What I have wrote is wholy my own invetion And all founded on truth the words that others spoke are mostly put down in my jornal when any other person is included my familys letters would show that in my relation of things I built on truth and a foundation for every line there put down I often veiwed my case almost like one cast upon an Iland and having no hope unless by chance some Vessal would light my way and now I am in hopes the Vessel is come and have an Anxiety that thousands of my fellow creatures scattered over this American Island may have a passage as well as myself My poetry some may think has too many lines on religion Mixed through it but they ware the natural reflections that flowed on my mind for I composed most poetry when under the most pain which was for six or seven months and often was dredfull to bear as pr Jornal Docter Tates pills are easy taken outward application but seldom not much to suffer and in the corse of some months the Cancer rots and generally falls out then runs for some time and in Sex eight ten and twelve months the constitution is clear of the complaint D Tate says it is a constitutional disorder works like the Veneral disease that will kill if not cured at some time or other and he has found the means to purge it away if they are not too farr gon in the compl mine was in my head to the bone round the corner of eye ¾ of Inch betwixt eye and nose part of both upper and under eye lids ware eate away when I came to Tate could for some months after my Cancer fell out blow aire out of the wound at corner of eye and in one place the Docter said there wase hole through scull bone but whether or not I cannot assert positively but I know the hole was deep and some persons almost fainted to look at me all is healed now but a small hole between nose and corner of eye Otherwise I am healthy active and lively as almost any of my age could expect   from a Countryman of yours confined in this citty and humbly submit this for your consideration and if no more is to be don please to return my papers by post if you pay any postage write to me and I will [. . .] it. With confidence yours &c.

James Houston

RC (MHi); torn; addressed: “Thos Jefferson President US Washington”; franked and postmarked; endorsed by TJ as received 9 Feb. and so recorded in SJL. Enclosure: see below.

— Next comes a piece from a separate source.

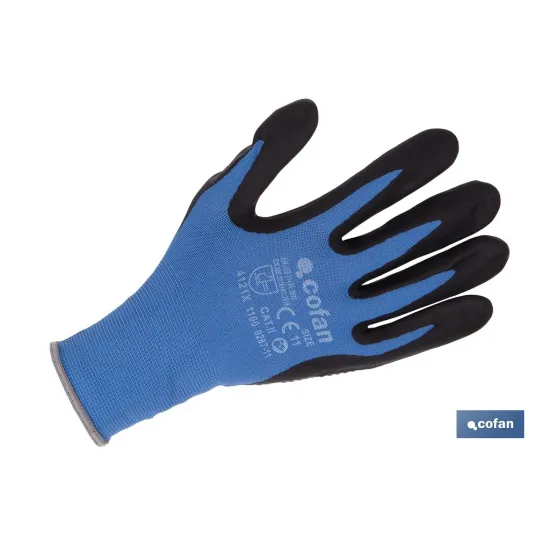 GUANTE IMPREGNADO CON PUNTOS AZULES DE NITRILO TALLA 10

In a narrative written to accompany the poetic journal that described his medical history, James Houston identified his age as 52 when he began composing the journal. He had suffered from symptoms of cancer since 1789. He may have been the individual of that name who paid taxes in Rockbridge County on a slave, six horses, and 12 head of cattle in 1782 (James Houston, A Plan for the Ladies Fund, in the United States of America, for the Relief of Those Afflicted with Cancers [Philadelphia, 1804], 12-13; Oren F. Morton, A History of Rockbridge County Virginia [Staunton, Va., 1920], 373).

presenting the inclosed: Houston evidently was sharing a version of the journal cited above. Written in verse, it chronicled Houston’s ordeal with cancer. Houston had it published about a month later, along with a plan for raising funds to purchase and make public the methods that he believed had cured him (Houston, Plan for the Ladies Fund, 17-19).

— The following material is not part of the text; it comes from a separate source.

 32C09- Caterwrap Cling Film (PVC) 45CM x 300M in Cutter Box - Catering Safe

buckan: a reference to the oft-published and widely read work of the English physician William Buchan, Domestic Medicine, which included a chapter on the treatment of cancers (Domestic Medicine: or, a Treatise on the Prevention and Cure of Diseases by Regimen and Simple Medicines [Philadelphia, 1784], 356; Sowerby, description begins E. Millicent Sowerby, comp., Catalogue of the Library of Thomas Jefferson, Washington, D.C., 1952-59, 5 vols. description ends No. 891).

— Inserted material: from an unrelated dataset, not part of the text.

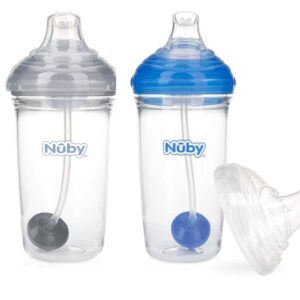 Nuby Tritan No-Spill Trainer Cup with Silicone Spout & 360 Weighted Straw with Hygienic Cover, 2 Pack (Blue, Gray)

Houston received an apparently successful course of treatment in Philadelphia from Dr. James tate, who administered pills and also “some tincture” applied to the lint wrapping for the affected area. After a five-week period during which the wound appeared to worsen and discharged fluid, the cancer began to recede. Crediting the pills, Houston asked Tate to reveal his pharmaceutical formula for the benefit of other sufferers, but Tate insisted that doing so would destroy his livelihood. Houston hoped that the sale and distribution of his pamphlet would help raise the $50,000 that Tate claimed as the price for making his methods public. In 1794, Tate had cured George Washington of a cancerous spot, drawing similar praise for his talents as a physician (Houston, Plan for the Ladies Fund, 17-19; Washington, Papers description begins W. W. Abbot, Dorothy Twohig, Philander D. Chase, Theodore J. Crackel, Edward C. Lengel, and others, eds., The Papers of George Washington, Charlottesville, 1983- , 60 vols.: Confed. Ser., 1992-97, 6 vols.; Pres. Ser., 1987- , 18 vols.; Ret. Ser., 1998-99, 4 vols.; Rev. War Ser., 1985- , 22 vols. description ends , Pres. Ser. , 17:580-1n).

1Preceding 11 words interlined.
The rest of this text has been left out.